| Try it |
Transcribe the listing in full, word for word; pictures do not belong in the copy.

| Provided material |
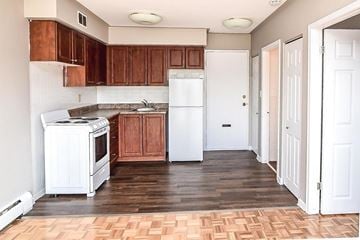 Hamilton apartment for rent - A kitchen with wooden cabinets and a white refrigerator.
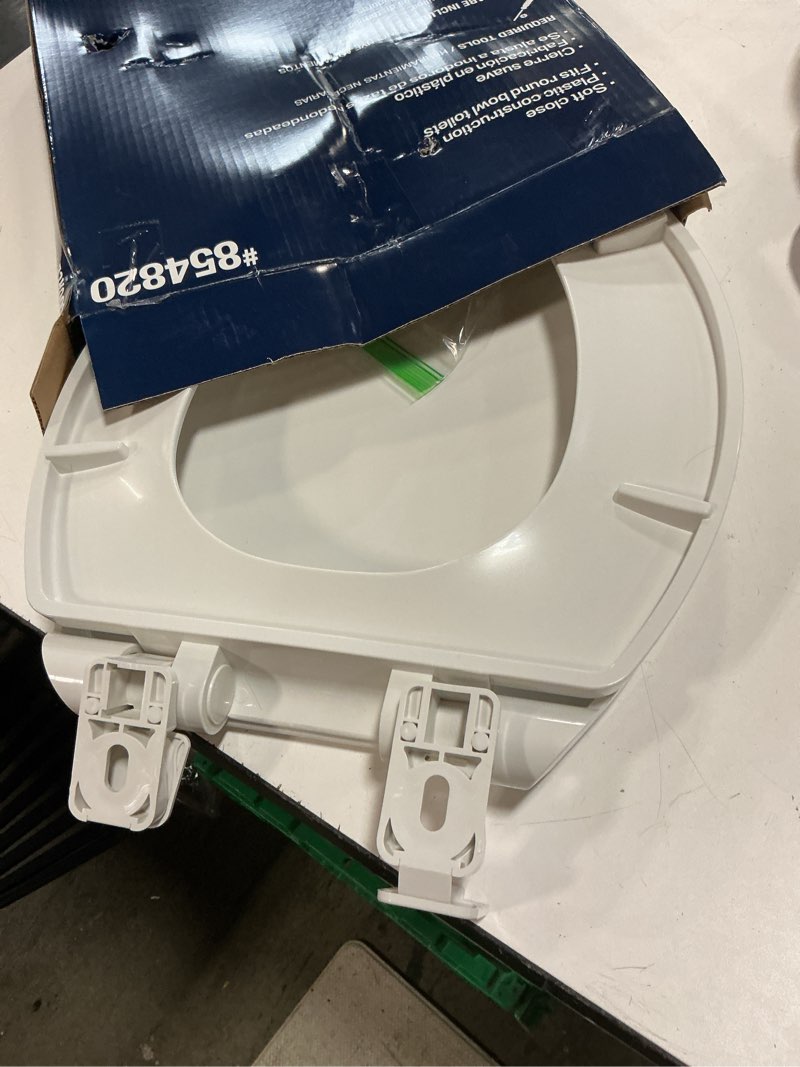 Condition photo showing As Is for project source plastic white round soft close toilet seat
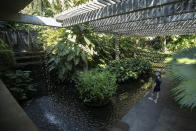 A visitor walks in the garden during a guided tour of Roberto Burle Marx’s former home, which was elected today as a World Heritage Site by the United Nations Educational, Scientific and Cultural Organization, UNESCO, in Rio de Janeiro, Brazil, Tuesday, July 27, 2021. The site features more than 3,500 species of plants native to Rio and is considered a laboratory for botanical and landscape experimentation. (AP Photo/Bruna Prado)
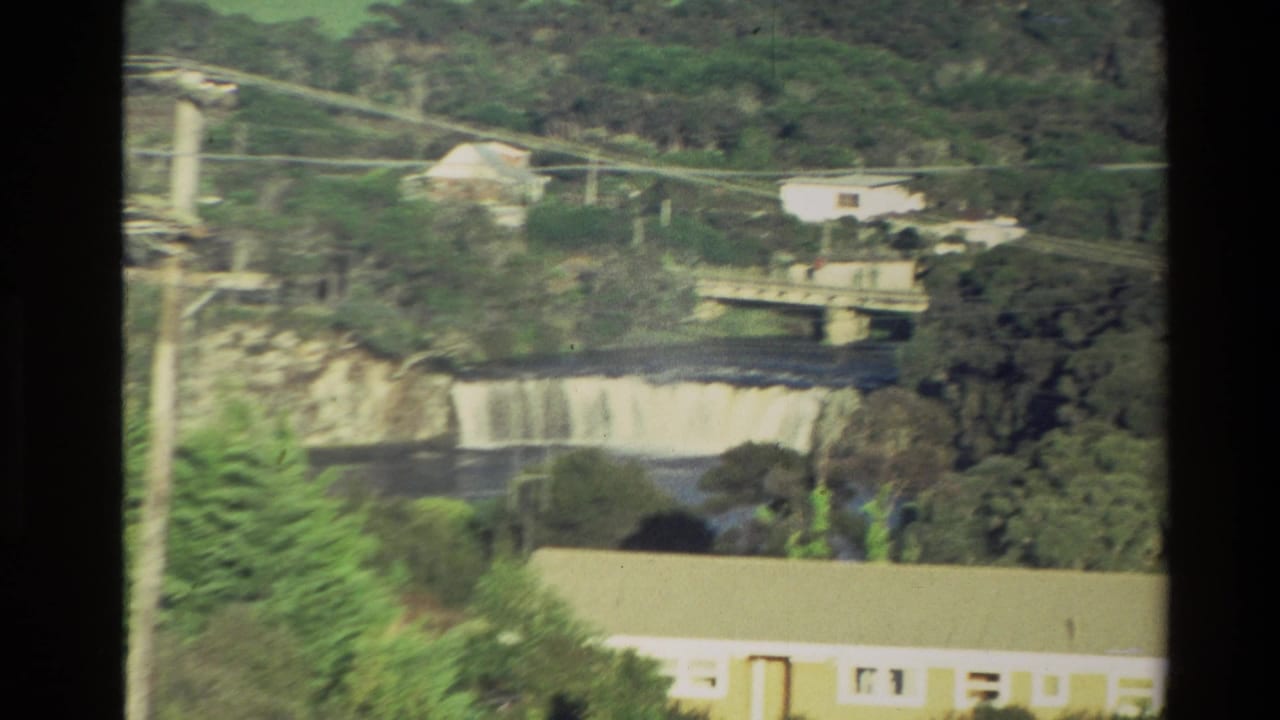 1981 New Zealand 8mm frame closer on the river crossing, showing a bridge, waterfall, trees, power lines, and nearby buildings.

| Solution |
 Hamilton apartment for rent - A kitchen with wooden cabinets and a white refrigerator.
 Condition photo showing As Is for project source plastic white round soft close toilet seat
 A visitor walks in the garden during a guided tour of Roberto Burle Marx’s former home, which was elected today as a World Heritage Site by the United Nations Educational, Scientific and Cultural Organization, UNESCO, in Rio de Janeiro, Brazil, Tuesday, July 27, 2021. The site features more than 3,500 species of plants native to Rio and is considered a laboratory for botanical and landscape experimentation. (AP Photo/Bruna Prado)
 1981 New Zealand 8mm frame closer on the river crossing, showing a bridge, waterfall, trees, power lines, and nearby buildings.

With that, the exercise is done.